Interspeech'2005 - Eurospeech
This paper describes a speech enhancement system that significantly improves speech intelligibility of noisy speech in the context of a speech coder in low SNR conditions. The system uses two state-of-the-art non-acoustic sensors, a general electromagnetic motion sensor (GEMS) that detects the internal motions of glottis, and a physiological microphone (P-mic) that measures vibrations of the skin associated with speech. Both sensors are relatively immune to ambient acoustic noise, but provide incomplete information of speech. In the proposed system, the strengths of two algorithms , a perceptually motivated constant-Q (CQ) algorithm and an enhanced glottal correlation (GCORR) algorithm, are combined. The CQ algorithm employs a perceptually inspired signal detection technique to estimate the presence of speech cues in low SNR conditions. To reduce annoying artifacts, a state-dependent mechanism discriminating the distinct acoustic properties of each phoneme, and a psychoacoustic masking model are used to control enhancement gains.

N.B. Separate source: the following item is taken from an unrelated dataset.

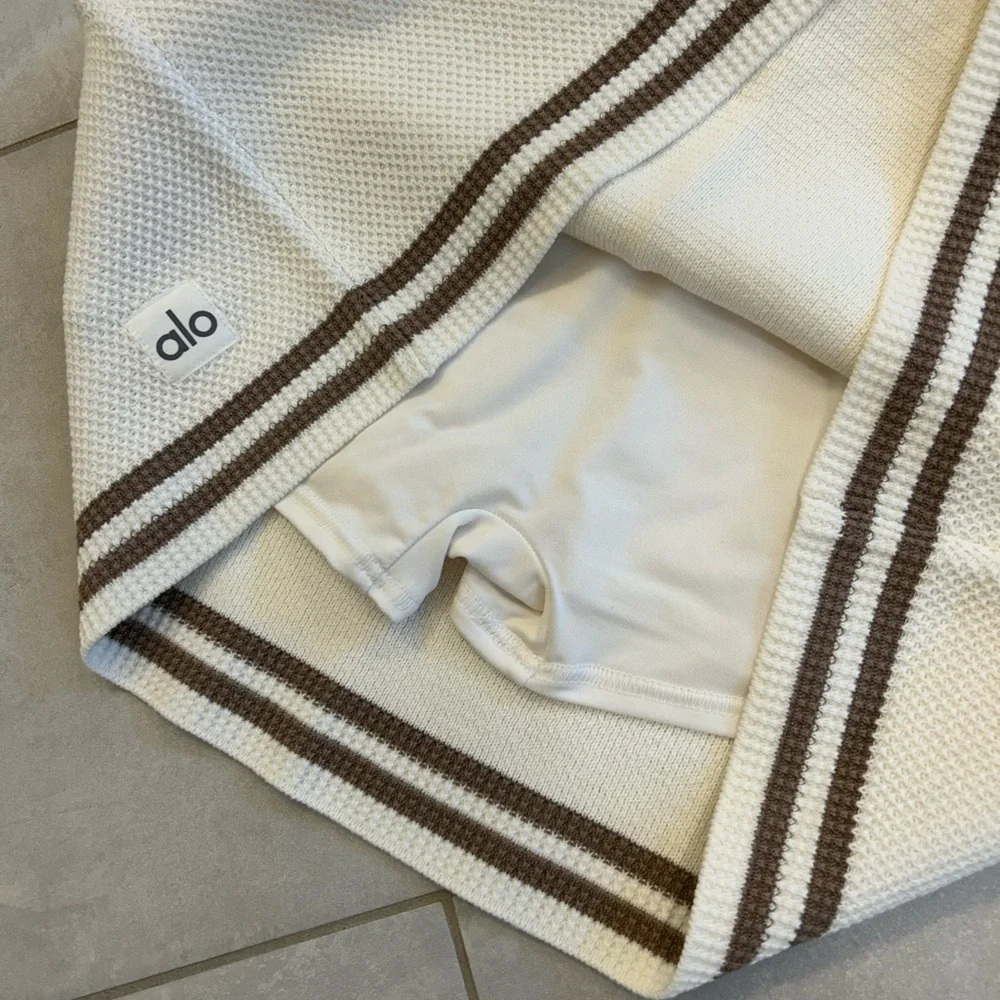 Tennis club sweater knit skirt and top set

The enhanced glottal correlation algorithm extracts the desired speech signal from the noisy mixture, using a modified speech-GEMS correlation estimation of the speech signal with the glottal waveform supplied by GEMS. Both subjective and objective experiments were performed in a variety of noise conditions to indicate the improvement relative to the EMSR algorithm.
Bibliographic reference. Hu, Rongqiang / Kamath, Sunil D. / Anderson, David V. (2005): "Speech enhancement using non-acoustic sensors", In INTERSPEECH-2005, 2305-2308.